Leg ka pichla bhag" may not exactly be a remarkable stride in terms of enriching language, but the message isn't lost in translation as India's medical fraternity seeks to make an informed prognosis regarding the future of MBBS textbooks in Hindi. The first such set of textbooks, released in Bhopal on October 16 by Union home minister Amit Shah and Madhya Pradesh CM Shivraj Singh Chouhan, is packed with common to complex medical terminology written in the Devanagari script and meant to be pronounced in English.
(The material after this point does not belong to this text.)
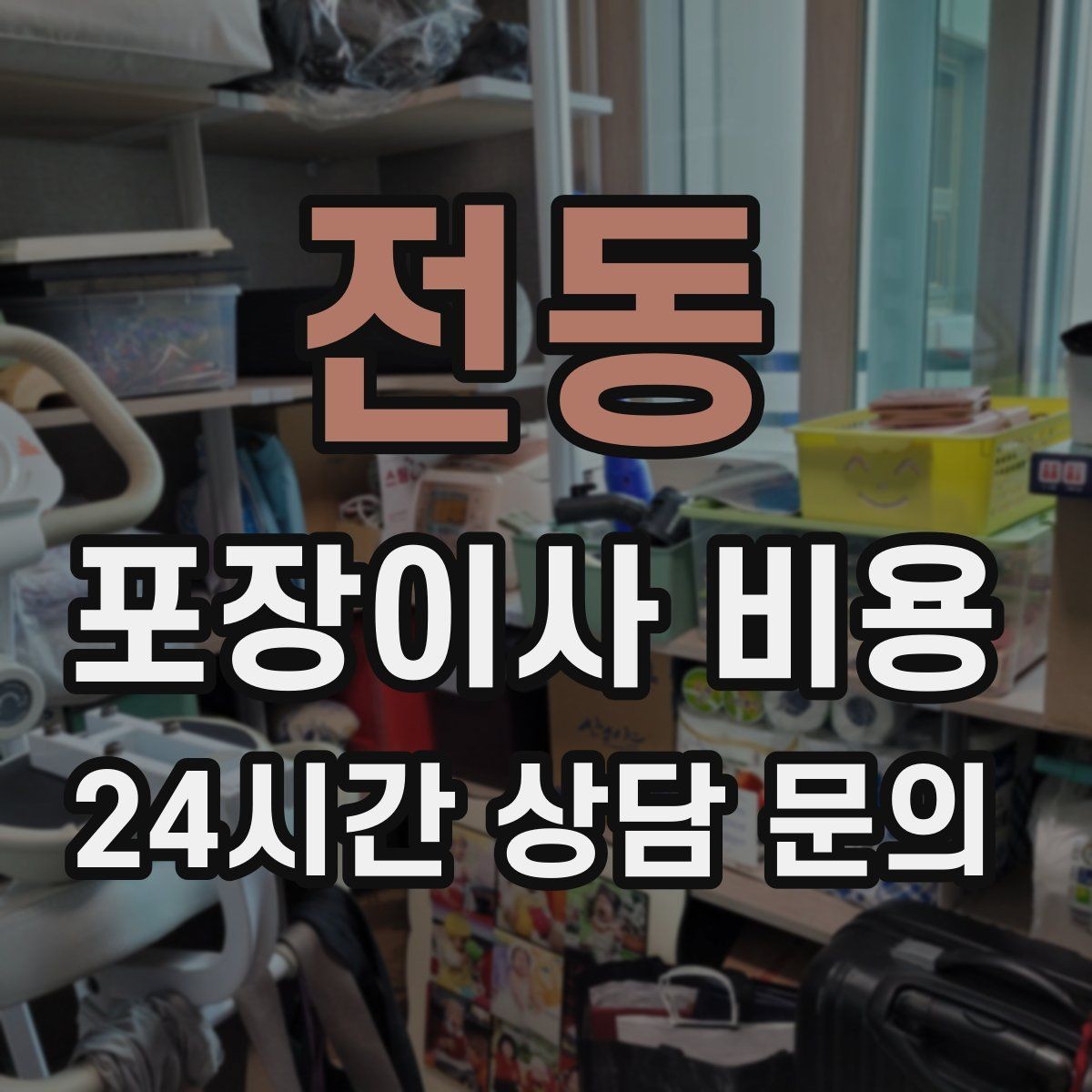 전동 포장이사 비용 버릴 물건이 많을 때 비용을 줄이는 방법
The glossy cover of the book on "anatomy" retains the English term of Greek origin, albeit in bold, white Devanagari font set in blue. "Abdomen" and "lower limb", too, keep their DNA intact barring a change in script. While "sole of the foot" doesn't tread Hindi territory, "back of the leg" partly does. The diagrams are all annotated in English while the phrases are in Hindi.
The Demand Factor
The "Hinglish" strategy is supposedly deliberate and presumably a hit, going beyond the novelty factor. The Kolkata-based publisher has had its print order tripled because at least three predominantly Hindi-speaking states Uttar Pradesh, Rajasthan, and Bihar have approached it via the MP government, which holds the copyright to the books, sources said.
Several other states have written to the MP government for information as part of their groundwork to launch medical education in the vernacular. In MP, the first MBBS batch to have the option of studying in Hindi the option to write exams in the language has existed for some years -begins in November.